The military conflict between Iran and Israel has heightened geopolitical and security risks across the Middle East, with some sovereign credit profiles potentially facing adverse effects if violence escalates, Fitch Ratings said on June 17.
Aviation, shipping, tourism, business and banking have all faced pressure in recent days as neither Tehran or Tel Aviv are interested in backing down from their offensive positions.
The credit rating agency expects the conflict to remain contained between Israel and Iran for no more than a few weeks, with spillover effects remaining within the range that can be absorbed at Israel's 'A'/Negative rating level.

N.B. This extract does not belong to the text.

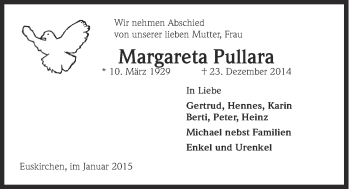 Anzeige von Margareta Pullara von  Schlossbote/Werbekurier 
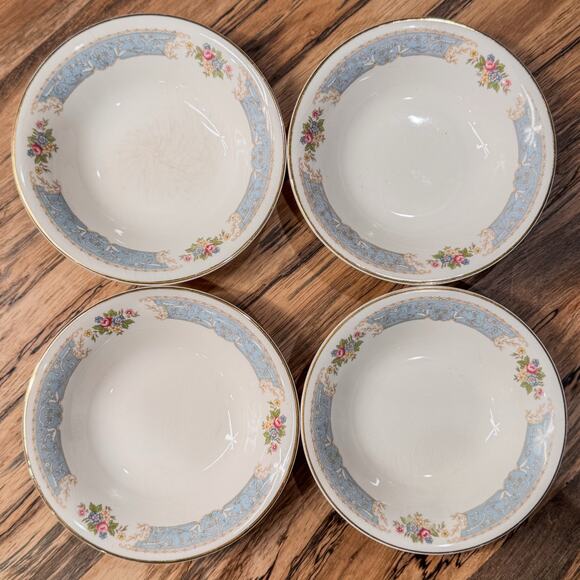 1930s Edwin Knowles-Blue Dawn Collection, Semi-Vitreous-Soup Bowls-5.5”-Set of 4 - Picture 2 of 10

Brent crude oil prices rose to around $75 per barrel from approximately $65 before the conflict began, with Fitch expecting the geopolitical risk premium to remain contained at $5-$10 per barrel.
The agency noted that Israel has strong defensive countermeasures and Iranian strikes have not had a material economic impact, whilst Iran's capacity to retaliate through proxies in Gaza and Lebanon has been damaged by Israeli military campaigns.
Even if all Iranian exports were lost, they could be replaced by spare capacity from OPEC+ producers totalling around 5.7mn barrels per day, Fitch said. Iran produced approximately 3.3mn barrels daily in 2024.
Gulf Cooperation Council member states have all condemned Israel's attack on Iran, reinforcing Fitch's baseline view that relations between Iran and GCC states remain fairly good and Iranian moves against GCC targets are unlikely.
Some GCC sovereigns including Kuwait, Qatar, Saudi Arabia and the United Arab Emirates have large credit buffers that would cushion any increase in security risk effects.
The agency warned that Houthi forces in Yemen could escalate attacks in support of Iran, potentially aggravating disruption to regional shipping through the Suez Canal and reducing Egypt's canal earnings.
Jordan's tourism sector faces likely renewed drops in European tourism with negative effects on growth and fiscal receipts, though Fitch considers these risks contained under its baseline scenario.
Under more severe scenarios involving significant regional conflict broadening or Strait of Hormuz shipping disruptions, oil prices could remain higher for sustained periods with greater negative repercussions for Middle Eastern sovereign credit profiles.